BY: PRAGATI GOYAL
The insolvency and Bankruptcy code , 2016 (IBC) is the law in India and which has the aim to consolidate the existing framework by creating a single law for insolvency and bankruptcy and amend the laws relating to the entities in India with the passage and demands of the time. It was passed by Lok Sabha on 5 May 2016. This code deals with only four entities namely individuals, partnership firms, limited liability partnership (LLP) and companies .This code doesn’t apply to any other entities like societies trust boards etc. This code deals with insolvency, bankruptcy, and liquidation, where insolvency and bankruptcy are the terms which seems to be same but the actual meaning is different, insolvency means the situation where the liabilities of the entities are more than its assets and unable to meets its debts where bankruptcy refers to a situation or a legal process where a court of competent jurisdiction has declared the entity insolvent on the application made by that entity to declare itself. And in 2019 this act was amended for the first time where prior home buyers were not included were now included in the list after the amendment to recover their debts and more amendments made with time to time.
CURRENT ISSUE :
MS Sahoo is the chairperson of the Insolvency and the Bankruptcy Board of India (IBBI), a key authority in implementing the Code. On 22 nd march, 2020 he said that The Code provides for a time-bound and market-linked resolution of stressed assets, but if the resolution does not happen the company can perform its liquidation. It is another kind of Swachhata (cleanliness) drive to clean up NPAs (non-performing assets) and to put companies in the hands of capable and credible people. He stated that 190 companies have been rescued, while 780 were referred for liquidation. “As and when they find a problem, they try to address it as prompt as possible. The insolvency professionals, creditors, NCLT, IBBI all are on a vertiginous learning curve. The Supreme Court has been settling matters at a quick pace. I believe the road to success is always under construction,” he told. This is another kind of Swachhata (cleanliness) drive to clean upNPAs (non-performing assets) and to put companies in the hands of capable and credible people”.
QUESTION OF LAW:
The statement given by the chief of IBBI that they have recovered 207 percent of the realizable value of assets which is 107 more and that is really comprehend but here the question arises that only 190 companies have been resolved but 780 companies have been referred for liquidation which is around 4 times more. He told for the overall growth but actually most of the companies were referred to liquidation which should also be focus. No doubt is very beholden that due to IBC the companies are able to resolve or liquidate and which lead to the growth and at 207 percent which is not bad but this fact should also be consider as majority of the companies referred to liquidation.

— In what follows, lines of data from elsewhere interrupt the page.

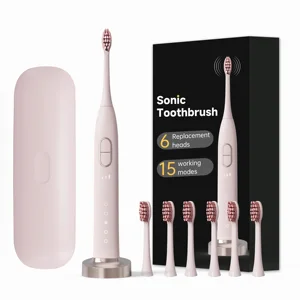 Travel Rechargeable Electric Toothbrush Attachments Vibrator Sonic Toothbrush PRESSURE SENSOR 48000 VPM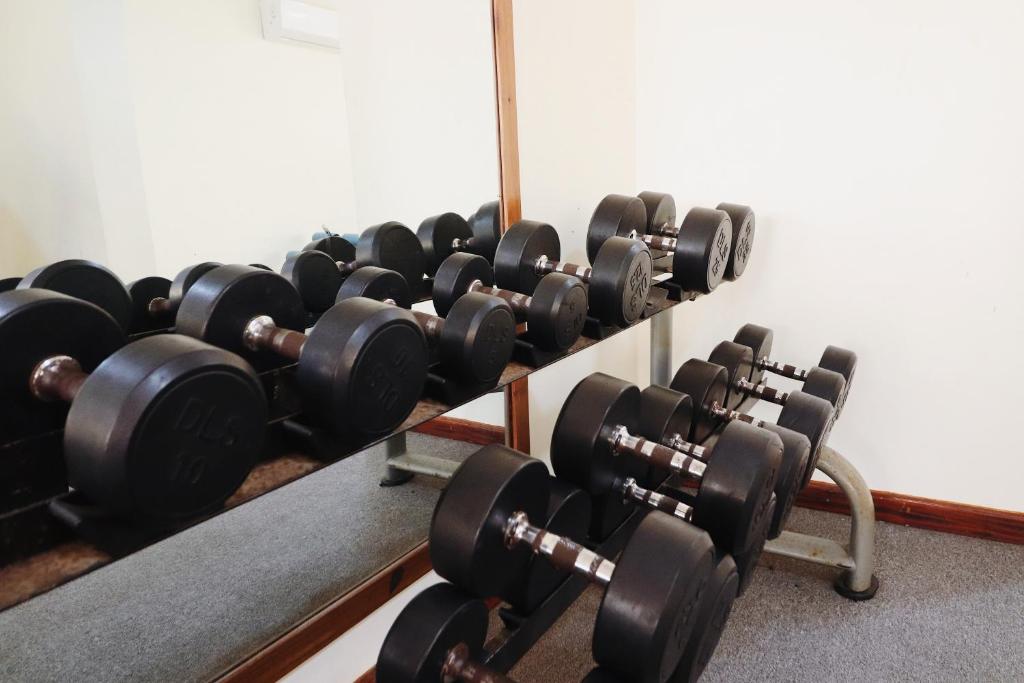 a row of dumbbells on display in a gym at Jambiani lodge house in Jambiani
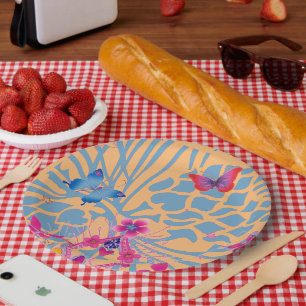 Mooie Bloem Vlinder Patroon Papieren Borden Bordje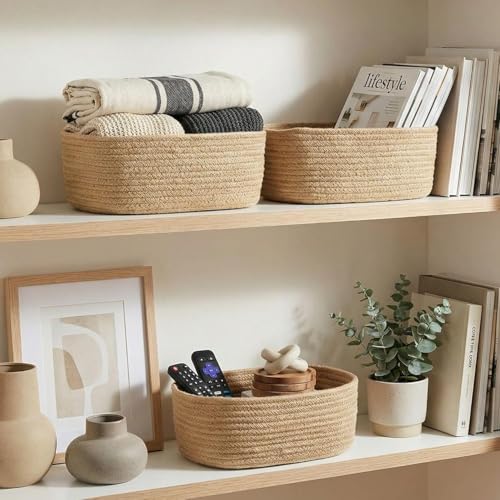 Image of 100% Natural Jute small box mini rope paper storage Round hamper baby nursery tray bucket for Living Kitchen, Drawing Room,fruits, kitchen, office, (3 set oval beige)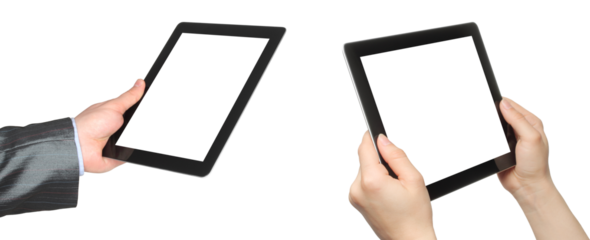 Set of Hands, which holding Touch Screen Device - Tablet PC with blank screen, isolated on transparent background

As the code of IBC is now being successful as stated by the chief of the IBBI where he told that assets being handover to the capable companies who will utilize those assets in the efficient manner. This is very cheerful that the creditors had recovered around 1.7 lakh crores which is 207 percent at the average but inspite of this it should also be noted that only 190 companies have been resolved and 780 companies referred for liquidation which is 4 times more so there should such provisions that lesser companies would lead for liquidation which will be consider as the actual growth of the business sector as well as economic growth of the nation.